A Time for Mercy
© 2020 John Grisham
A woman lies beaten and unconscious in the kitchen; her children quiver in fear in a back room while the man they’re terrorized by lies in a drunken stupor in his bedroom. A sheriff’s deputy, he always wiggles free of abuse charges. But he stirs, as if to rise, and a young boy makes a fateful decision. A Time for Mercy returns readers to Clanton, Mississippi, with a morally challenging case reminiscent of A Time to Kill. Unlike A Time to Kill, however, Mercy simply ends rather than concludes; those who find themselves absorbed by the drama will leave frustrated at the lack of real resolution. Although a welcome return to Clanton, Mercy has its limits.
In Grisham’s first-ever novel, a man took justice into his own hands and shot two cretins who raped and beat his daughter, who had been released by a biased jury. Young Jake Brigance took on the man’s defense, at considerable risk to both himself and his family, and prevailed. Now he’s at it again, defending a young teenager who believed his mother had been killed by her abusive boyfriend, the same boyfriend who had also repeatedly raped his sister. That teenager, Drew Gamble, also took justice into his own hands and (contra Bob Marley) shot the sheriff’s deputy. Clanton is again sharply divided, though this time they’re largely against Brigance’s client: although the deceased deputy was known as a drunk hell-raiser on his off-time, on-duty he was one of the department’s best. Brigance finds former friends giving him the cold shoulder, and is harassed at length by the deputy’s ornery and combative family.

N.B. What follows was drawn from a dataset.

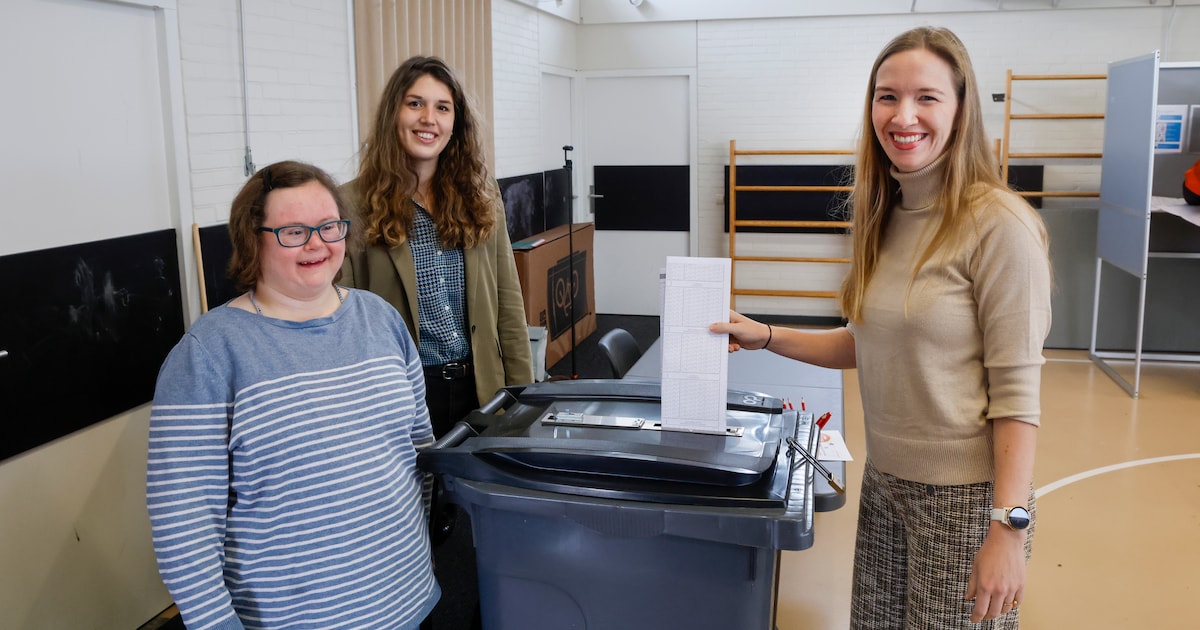 Staatssecretaris Nicki Pouw-Verweij stemt in Maarssen met ‘prokkelduo’ voor meer inclusie
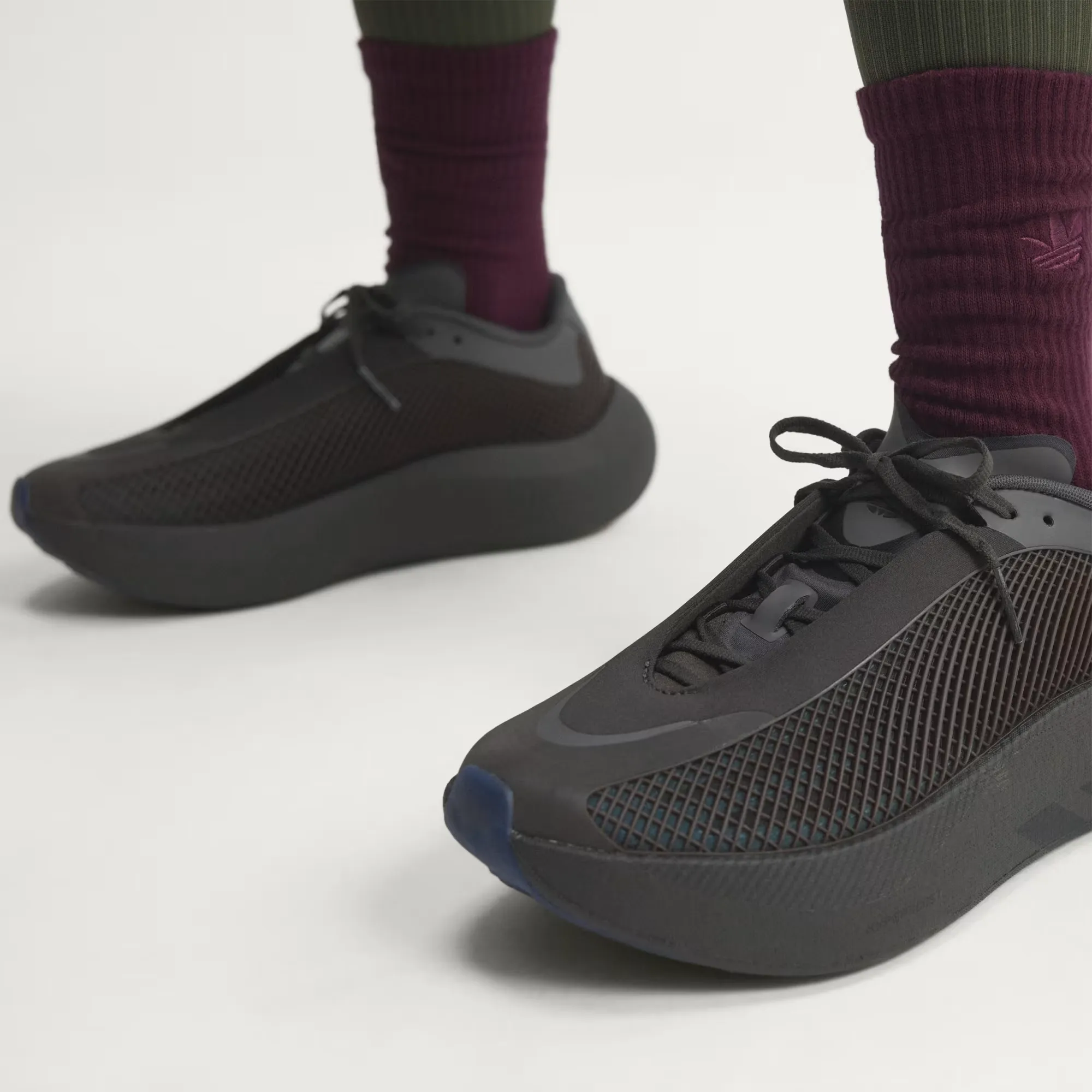 000000_adidas-Hyperboost-EPHR_Night-Brown-Utility-Black_LA5973_img4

My enthusiasm for Grisham has waned considerably over the years, in part because he’s slowly morphing into James Patterson, pumping out too many books without enough polish. Mercy, for instance, meanders all over the place: we spent a considerable amount of time focusing on another case Jake is involved in, when it goes absolutely nowhere in the timeframe of the novel. This section introduces a considerably interesting sideline when we learn that the golden boy, the Captain America of the law office Jake Brigance, has committed a bit of an ethics violation in discovering a potentially destructive witness to his case, then not sharing knowledge of this witness with the prosecution. The sudden exposure of this fact further isolates Jake, but it never comes up again.
What saves Mercy, as much as it is saved, is the inherent moral interest of the case: yes, Drew did wrong in murdering a violent and angry drunk in cold blood..but boy, if ever a man needed killin’, the victim did. The reader can’t help but be a sympathetic to both sides, and the way Grisham ends things is frustrating because there’s no real ending as such, no resolution. Mercy is also greatly supported by virtue of being a Clanton, MS novel, so that regular Grisham readers will feel themselves surrounded by old friends and stories. We know the characters in this novel, without needing introductions; we know the story of the town and even of Jake’s house, because Grisham has developed them in so many other books (The Summons, The Last Juror, Sycamore Row, etc). This also allows Grisham to be a bit lazy, and he confesses in the afterword that he has — not even bothering to re-read his Clanton books, but relying on the memory of those who have. Frankly, it’s a little insulting to the reader that Grisham can’t be bothered, but we keep buyin’ them. (Or, in my case, relatives keep buying them and giving them to me as Christmas presents, because my willingness to spend money on Grisham stopped in 2007/2008 or so.)